Programming

Soft deletion explained in PostgreSQL - and how to implement it

Markus

Oct 8, 2024 — 7 min read

In the world of database management, much of your data is most likely never actually deleted. The concept of deletion has evolved over time.

Enter soft deletion - a well-known technique that's changed how we think about data lifecycle management. This post explores the ins and outs of soft deletion, its benefits, and how to implement it effectively.

What is Soft Deletion?

Imagine you're managing a bustling digital library. Instead of permanently removing books from your shelves (hard deletion), soft deletion is like moving them to a special reserved section. They're out of the main circulation, but still accessible if needed.

In technical terms, soft deletion involves marking records as deleted in the database, rather than permanently removing them. This is typically achieved by adding a boolean flag or better, a timestamp to indicate when a record was "deleted."

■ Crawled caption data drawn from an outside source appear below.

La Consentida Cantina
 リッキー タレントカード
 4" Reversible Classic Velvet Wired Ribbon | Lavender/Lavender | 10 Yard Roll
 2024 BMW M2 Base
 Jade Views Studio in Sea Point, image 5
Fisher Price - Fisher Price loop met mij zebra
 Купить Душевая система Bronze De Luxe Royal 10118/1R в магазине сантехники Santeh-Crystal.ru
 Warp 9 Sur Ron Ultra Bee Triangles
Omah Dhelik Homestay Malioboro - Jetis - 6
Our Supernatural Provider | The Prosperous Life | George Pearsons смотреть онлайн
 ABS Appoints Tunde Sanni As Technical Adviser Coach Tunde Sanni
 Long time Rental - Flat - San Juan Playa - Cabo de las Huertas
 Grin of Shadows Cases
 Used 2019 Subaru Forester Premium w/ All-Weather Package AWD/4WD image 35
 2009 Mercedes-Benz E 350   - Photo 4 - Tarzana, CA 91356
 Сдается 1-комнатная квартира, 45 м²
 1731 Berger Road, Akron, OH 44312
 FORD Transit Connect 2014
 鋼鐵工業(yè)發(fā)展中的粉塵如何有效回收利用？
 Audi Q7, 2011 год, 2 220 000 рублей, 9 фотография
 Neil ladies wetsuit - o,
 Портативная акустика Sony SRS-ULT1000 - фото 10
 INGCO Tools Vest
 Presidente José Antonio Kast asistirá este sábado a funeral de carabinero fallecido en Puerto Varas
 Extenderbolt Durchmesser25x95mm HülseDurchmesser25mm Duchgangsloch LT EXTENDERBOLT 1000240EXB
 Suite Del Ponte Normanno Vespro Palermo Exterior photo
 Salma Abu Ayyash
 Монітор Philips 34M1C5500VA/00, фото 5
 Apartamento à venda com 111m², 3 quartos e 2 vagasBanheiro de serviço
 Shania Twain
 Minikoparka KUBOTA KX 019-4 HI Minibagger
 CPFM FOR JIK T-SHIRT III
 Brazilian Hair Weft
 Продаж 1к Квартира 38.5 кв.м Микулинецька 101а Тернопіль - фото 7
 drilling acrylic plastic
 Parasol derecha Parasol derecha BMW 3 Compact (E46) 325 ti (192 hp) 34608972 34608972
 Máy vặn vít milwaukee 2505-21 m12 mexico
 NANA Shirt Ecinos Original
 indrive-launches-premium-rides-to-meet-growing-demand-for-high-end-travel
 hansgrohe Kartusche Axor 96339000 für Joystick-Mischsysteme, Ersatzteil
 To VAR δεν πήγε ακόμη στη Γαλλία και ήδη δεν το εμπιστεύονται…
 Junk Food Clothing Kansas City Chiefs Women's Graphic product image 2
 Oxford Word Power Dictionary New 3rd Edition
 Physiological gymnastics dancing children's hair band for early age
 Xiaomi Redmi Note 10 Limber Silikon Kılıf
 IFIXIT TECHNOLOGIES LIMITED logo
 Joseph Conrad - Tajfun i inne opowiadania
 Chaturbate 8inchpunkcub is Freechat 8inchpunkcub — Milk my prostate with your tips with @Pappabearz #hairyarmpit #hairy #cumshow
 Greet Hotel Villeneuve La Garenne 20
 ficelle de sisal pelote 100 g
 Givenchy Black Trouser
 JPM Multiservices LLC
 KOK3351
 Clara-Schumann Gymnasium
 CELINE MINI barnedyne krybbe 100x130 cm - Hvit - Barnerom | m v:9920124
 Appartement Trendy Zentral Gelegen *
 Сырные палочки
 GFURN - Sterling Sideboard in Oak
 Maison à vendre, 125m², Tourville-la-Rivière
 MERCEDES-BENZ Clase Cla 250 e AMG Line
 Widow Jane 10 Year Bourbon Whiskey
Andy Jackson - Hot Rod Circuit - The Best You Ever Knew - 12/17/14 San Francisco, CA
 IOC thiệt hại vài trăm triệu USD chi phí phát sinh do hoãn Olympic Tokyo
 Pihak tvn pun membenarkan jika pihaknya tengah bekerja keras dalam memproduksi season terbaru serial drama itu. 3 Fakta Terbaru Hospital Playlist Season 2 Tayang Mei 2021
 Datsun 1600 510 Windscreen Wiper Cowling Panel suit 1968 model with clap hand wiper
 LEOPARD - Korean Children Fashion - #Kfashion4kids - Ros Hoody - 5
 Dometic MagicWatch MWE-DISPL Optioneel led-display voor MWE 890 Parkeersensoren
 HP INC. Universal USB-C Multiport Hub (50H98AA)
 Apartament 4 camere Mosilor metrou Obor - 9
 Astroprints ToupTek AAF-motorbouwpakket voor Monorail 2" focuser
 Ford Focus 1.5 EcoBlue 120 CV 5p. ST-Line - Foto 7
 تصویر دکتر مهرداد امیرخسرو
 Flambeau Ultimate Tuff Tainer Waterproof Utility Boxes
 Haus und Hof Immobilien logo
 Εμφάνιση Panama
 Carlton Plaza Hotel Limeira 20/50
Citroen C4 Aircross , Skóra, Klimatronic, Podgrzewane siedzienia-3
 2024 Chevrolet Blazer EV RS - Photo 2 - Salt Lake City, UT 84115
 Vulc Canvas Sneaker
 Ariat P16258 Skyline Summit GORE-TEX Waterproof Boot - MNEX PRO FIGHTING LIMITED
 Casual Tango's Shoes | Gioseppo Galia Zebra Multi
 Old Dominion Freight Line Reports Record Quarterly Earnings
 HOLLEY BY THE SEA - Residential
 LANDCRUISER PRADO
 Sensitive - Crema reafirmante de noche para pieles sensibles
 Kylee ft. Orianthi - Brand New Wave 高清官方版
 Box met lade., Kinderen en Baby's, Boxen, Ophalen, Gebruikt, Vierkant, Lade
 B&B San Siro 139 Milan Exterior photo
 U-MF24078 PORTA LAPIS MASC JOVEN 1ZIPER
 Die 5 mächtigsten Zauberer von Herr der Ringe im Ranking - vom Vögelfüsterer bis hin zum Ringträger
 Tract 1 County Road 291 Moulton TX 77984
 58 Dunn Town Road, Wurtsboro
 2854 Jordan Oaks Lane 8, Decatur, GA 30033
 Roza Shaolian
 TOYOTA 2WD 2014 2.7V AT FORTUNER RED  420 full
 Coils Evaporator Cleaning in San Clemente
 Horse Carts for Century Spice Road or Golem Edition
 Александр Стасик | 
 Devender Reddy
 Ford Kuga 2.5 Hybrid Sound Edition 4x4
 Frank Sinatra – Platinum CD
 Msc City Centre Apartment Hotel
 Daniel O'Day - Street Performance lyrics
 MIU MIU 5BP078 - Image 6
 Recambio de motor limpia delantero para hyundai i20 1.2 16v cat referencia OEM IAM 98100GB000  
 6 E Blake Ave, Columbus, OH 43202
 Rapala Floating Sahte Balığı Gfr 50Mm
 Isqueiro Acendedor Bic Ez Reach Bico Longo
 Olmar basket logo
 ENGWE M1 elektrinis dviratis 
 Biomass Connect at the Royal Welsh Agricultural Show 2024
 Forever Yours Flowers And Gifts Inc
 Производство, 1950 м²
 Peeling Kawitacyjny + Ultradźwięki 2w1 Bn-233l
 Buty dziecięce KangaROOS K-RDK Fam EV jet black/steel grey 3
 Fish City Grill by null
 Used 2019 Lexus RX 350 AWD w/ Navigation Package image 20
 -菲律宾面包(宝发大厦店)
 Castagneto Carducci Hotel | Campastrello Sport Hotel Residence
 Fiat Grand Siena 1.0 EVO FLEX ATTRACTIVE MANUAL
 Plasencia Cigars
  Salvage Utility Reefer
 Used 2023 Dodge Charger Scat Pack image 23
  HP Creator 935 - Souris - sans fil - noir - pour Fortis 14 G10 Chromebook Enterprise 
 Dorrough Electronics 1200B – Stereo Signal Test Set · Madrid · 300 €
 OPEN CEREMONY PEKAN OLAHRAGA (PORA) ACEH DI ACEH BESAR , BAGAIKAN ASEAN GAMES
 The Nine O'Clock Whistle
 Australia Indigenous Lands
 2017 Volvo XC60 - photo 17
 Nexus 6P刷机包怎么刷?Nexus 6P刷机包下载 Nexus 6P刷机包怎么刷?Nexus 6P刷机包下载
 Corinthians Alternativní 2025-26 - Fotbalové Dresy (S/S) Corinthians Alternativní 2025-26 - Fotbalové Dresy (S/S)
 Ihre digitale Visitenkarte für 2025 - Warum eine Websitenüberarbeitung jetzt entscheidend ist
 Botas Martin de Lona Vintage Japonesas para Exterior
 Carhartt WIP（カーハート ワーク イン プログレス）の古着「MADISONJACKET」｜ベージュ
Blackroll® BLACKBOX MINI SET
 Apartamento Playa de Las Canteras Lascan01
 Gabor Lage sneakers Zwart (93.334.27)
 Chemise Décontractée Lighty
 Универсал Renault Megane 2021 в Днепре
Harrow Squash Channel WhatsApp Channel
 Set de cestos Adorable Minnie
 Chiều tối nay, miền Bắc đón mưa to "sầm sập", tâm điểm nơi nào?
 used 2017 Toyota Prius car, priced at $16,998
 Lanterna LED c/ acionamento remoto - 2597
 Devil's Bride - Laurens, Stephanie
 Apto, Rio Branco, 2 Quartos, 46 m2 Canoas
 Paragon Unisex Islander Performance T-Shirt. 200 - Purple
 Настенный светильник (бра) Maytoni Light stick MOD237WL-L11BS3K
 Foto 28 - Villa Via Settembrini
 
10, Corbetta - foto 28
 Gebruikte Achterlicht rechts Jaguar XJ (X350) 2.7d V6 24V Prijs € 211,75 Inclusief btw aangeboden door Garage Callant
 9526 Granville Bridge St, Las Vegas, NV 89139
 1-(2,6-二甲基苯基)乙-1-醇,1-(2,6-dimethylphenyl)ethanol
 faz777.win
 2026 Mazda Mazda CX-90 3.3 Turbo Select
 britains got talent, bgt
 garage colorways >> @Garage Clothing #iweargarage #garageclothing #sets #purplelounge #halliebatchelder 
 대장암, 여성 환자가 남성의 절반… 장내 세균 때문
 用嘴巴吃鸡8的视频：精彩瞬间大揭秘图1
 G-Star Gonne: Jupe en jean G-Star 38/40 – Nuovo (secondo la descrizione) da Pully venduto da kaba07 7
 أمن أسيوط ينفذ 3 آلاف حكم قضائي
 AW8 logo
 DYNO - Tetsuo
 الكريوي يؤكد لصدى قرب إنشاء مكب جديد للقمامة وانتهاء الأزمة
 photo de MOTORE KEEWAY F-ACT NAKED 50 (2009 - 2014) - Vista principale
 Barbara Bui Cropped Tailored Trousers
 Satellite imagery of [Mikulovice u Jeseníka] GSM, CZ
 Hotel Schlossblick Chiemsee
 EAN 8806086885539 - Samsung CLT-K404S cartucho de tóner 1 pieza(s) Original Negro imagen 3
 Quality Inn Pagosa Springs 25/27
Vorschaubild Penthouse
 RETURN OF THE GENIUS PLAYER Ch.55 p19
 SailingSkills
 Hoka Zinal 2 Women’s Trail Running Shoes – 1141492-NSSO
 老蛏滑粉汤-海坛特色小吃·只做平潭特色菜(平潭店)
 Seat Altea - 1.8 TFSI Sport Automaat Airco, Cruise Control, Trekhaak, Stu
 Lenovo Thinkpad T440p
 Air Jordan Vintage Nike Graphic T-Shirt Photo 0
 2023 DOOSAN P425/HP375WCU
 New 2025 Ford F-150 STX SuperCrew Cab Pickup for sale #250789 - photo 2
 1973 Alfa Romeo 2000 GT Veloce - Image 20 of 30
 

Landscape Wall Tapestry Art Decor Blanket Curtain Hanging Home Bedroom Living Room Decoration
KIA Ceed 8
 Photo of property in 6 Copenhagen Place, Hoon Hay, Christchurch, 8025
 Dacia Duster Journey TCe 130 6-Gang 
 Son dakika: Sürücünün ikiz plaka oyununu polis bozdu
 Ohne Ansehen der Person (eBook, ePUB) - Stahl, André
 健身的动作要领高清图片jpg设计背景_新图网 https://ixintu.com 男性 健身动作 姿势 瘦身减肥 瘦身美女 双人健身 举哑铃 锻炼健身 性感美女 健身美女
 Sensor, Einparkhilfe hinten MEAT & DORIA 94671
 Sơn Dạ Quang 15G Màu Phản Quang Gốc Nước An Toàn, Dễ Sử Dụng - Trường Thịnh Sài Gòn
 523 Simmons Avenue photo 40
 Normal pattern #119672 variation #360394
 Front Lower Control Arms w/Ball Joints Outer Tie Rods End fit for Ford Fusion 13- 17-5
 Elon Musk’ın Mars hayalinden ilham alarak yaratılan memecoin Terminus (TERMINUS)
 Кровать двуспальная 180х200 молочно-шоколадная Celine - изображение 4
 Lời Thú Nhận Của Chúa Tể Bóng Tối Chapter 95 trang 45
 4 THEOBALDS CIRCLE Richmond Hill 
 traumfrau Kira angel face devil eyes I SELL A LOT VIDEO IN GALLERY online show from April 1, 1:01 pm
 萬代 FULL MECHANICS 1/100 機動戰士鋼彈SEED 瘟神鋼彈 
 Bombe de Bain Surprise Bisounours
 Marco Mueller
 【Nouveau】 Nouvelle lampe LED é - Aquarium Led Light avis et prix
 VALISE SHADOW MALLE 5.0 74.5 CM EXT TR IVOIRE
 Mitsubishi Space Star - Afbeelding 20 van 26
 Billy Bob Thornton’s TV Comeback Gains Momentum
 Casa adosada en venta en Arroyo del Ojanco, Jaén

The Advantages of Going Soft (on Deletion)

Data Recovery: Accidentally deleted important information? With soft deletion, recovery is just a database query away.
Audit Trails: Maintain a complete history of data changes, crucial for compliance and forensic analysis.
Performance Optimization: Avoid the potential performance hit of cascading deletes in large, complex datasets.
Trend Analysis: Analyze historical trends including "deleted" data, providing a more complete picture of your data over time.
Enhanced User Experience: Allow users to recover their own deleted data, adding a layer of forgiveness to your application.

How Soft Deletion Works

Deletion Flag: Add a boolean column (e.g., is_deleted) or a timestamp column (e.g., deleted_at) to your tables.
Modified Queries: Instead of using DELETE statements, update the deletion flag to mark records as deleted.
Filtered Results: Adjust SELECT queries to exclude "deleted" records by default.
Recovery Mechanism: Implement a process to "undelete" by resetting the deletion flag.

When dealing with related tables, it's important to ensure that soft deletes cascade properly. There are two main approaches:

Database Triggers: Create triggers that automatically propagate the soft delete to related records.
Application Logic: Handle cascading deletes in your application code, offering more flexibility but requiring more development effort.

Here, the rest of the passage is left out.